Howcum the only the "pro-war movies" are "propaganda"?

I would remind folks that "propaganda" is about the propagation of beliefs - of any and all sorts.



> The Sacred Congregation de Propaganda Fide, whose official title is "sacra congregatio christiano nomini propagando" is the department of the pontifical administration charged with the spread of Catholicism and with the regulation of ecclesiastical affairs in non-Catholic countries. The intrinsic importance of its duties and the extraordinary extent of its authority and of the territory under its jurisdiction have caused the cardinal prefect of Propaganda to be known as the "red pope".


   Catholic Encyclopedia 1911 Online

Once upon a time the Congregation of Propaganda was the world's critic and determined what should be seen and what should be read (Index Librorum Prohibitorum)

Actual List 1949

Now we have "independent" film critics who all live the same lifestyle, live in the same places, go to the same schools..... and coincidentally believe the same things.

All movies and books are allegories for their times.   And that goes double for documentaries.


----------



## a_majoor (30 Mar 2014)

I would point out that "good" or "bad" movies (or stories of any sort) have a lot to do with the skill of the story teller and the ability to use the medium. A Stanley Kubrick would craft the story and the visual means of telling it in ways that would captivate the viewer and reach down and tug on the underlying emotions and beliefs of the viewer. If get the chance, scroll around the internet and see if you can find a copy of Kubrick's script for "Napoleon", and realize that this is only the foundation.

OF course an unskilled person can wreak a movie even with good source material. "Gettysburg" is a movie adaptation of "The Killer Angels", which is a fantastic book. The film makers were so captivated by the book they literally filmed it page by page, which totally sinks the film, since they are not using the visual medium to tell the story. (This does not mean every scene is terrible, Joshua Chamberlain's speech to the impressed soldiers assigned to his unit is movie magic). Glory, another Civil War movie, uses the medium much better in telling that story.

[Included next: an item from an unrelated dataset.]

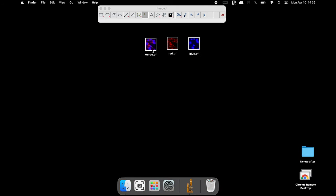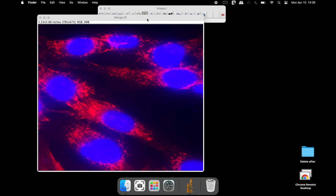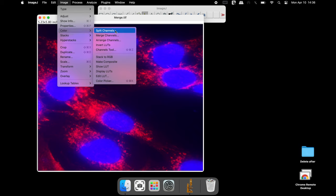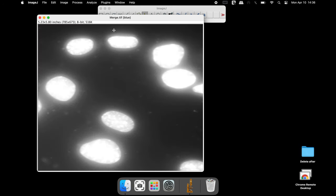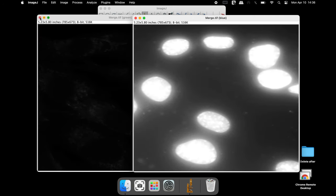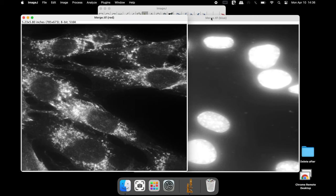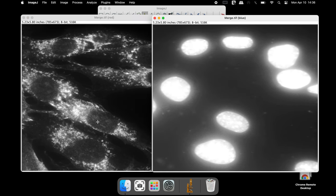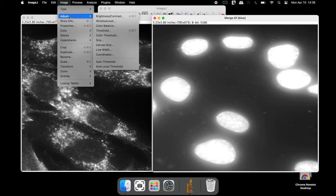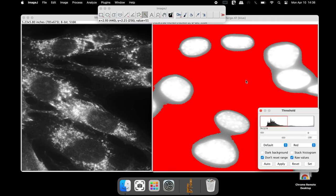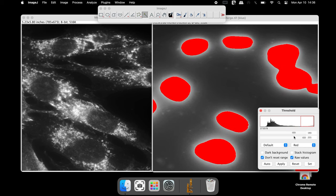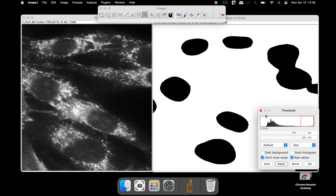Now let us measure the staining intensities of a single cell. Open the image of interest and split the channels of the image as before. Select one of the nuclei — that is, the DAPI staining from the right hand side and its corresponding cytoplasmic staining on the left hand side. Adjust the threshold of the nucleus until the foreground is red in color and then click Apply.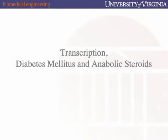Good afternoon, we'll get started. I have no announcements today, so we can dive right into the lecture. Today we're going to embark on a double lecture about transcription and transcriptional regulation. Our clinical disease wrapper is twofold: we're going to talk about diabetes, and we'll also talk about those vitamin B12 shots that the baseball players took in the 90s.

So in the end, I think it is much more about the story teller to ensure a war (or any action) is "well portrayed"


----------



## Hisoyaki (30 Mar 2014)

To make good art is to write only for oneself. 

One of the best Japanese novelist ,Yukio Mishima, unashamedly promoted his far right ideals through his literature. 

Robert Heinlein was often accused of drafting characters that were little more then mouthpieces. That did not prevent him from earning several Nebulla awards. 

"Casablanca" is a great "war" flick and arguably a classic. It is also a pack of lies and a subtle pro-war film.

 By necessity, a movie has to cherry pick which parts of a war it is going to portray.The format doesn't lend itself for "impartiality".

We as a society put too much faith in the opinion of artists especially those of the left-wing sort.


----------



## The Bread Guy (30 Mar 2014)

I'm watching _"Theirs is the Glory"_, a docudrama of Op Market Garden in/around Arnhem during WW2.  It's nothing but footage from the battle itself, and re-enactments in Osterbeek and Arnhem involving nothing but people who were in the battle itself - this, caveats considered, from Wikipedia:


> .... Weaving original footage from the battle with re-enactments shot on location at Oosterbeek and Arnhem, the film was shot a year after the battle had ravaged the Dutch streets. As well as veterans, the film also features local people like Father Dyker (a Dutch civilian priest who conducts the service in the movie) and Kate ter Horst (who reads a psalm to the wounded men in the cellar) re-enacting their roles and what they did for the airborne troops during the battle.
> 
> Though no credits appear before or after the film, over 200 veterans appeared as actors including Majors CFH "Freddie" Gough and Richard "Dickie" Lonsdale, Lieutenant Hugh Ashmore, Sergeants Jack Bateman and John Daley, Corporal Pearce and Privates Tommy Scullion, Peter Holt, David Parker, George ‘Titch’ Preston, Frank ‘Butch’ Dixon, and war correspondents Stanley Maxted and Alan Wood ....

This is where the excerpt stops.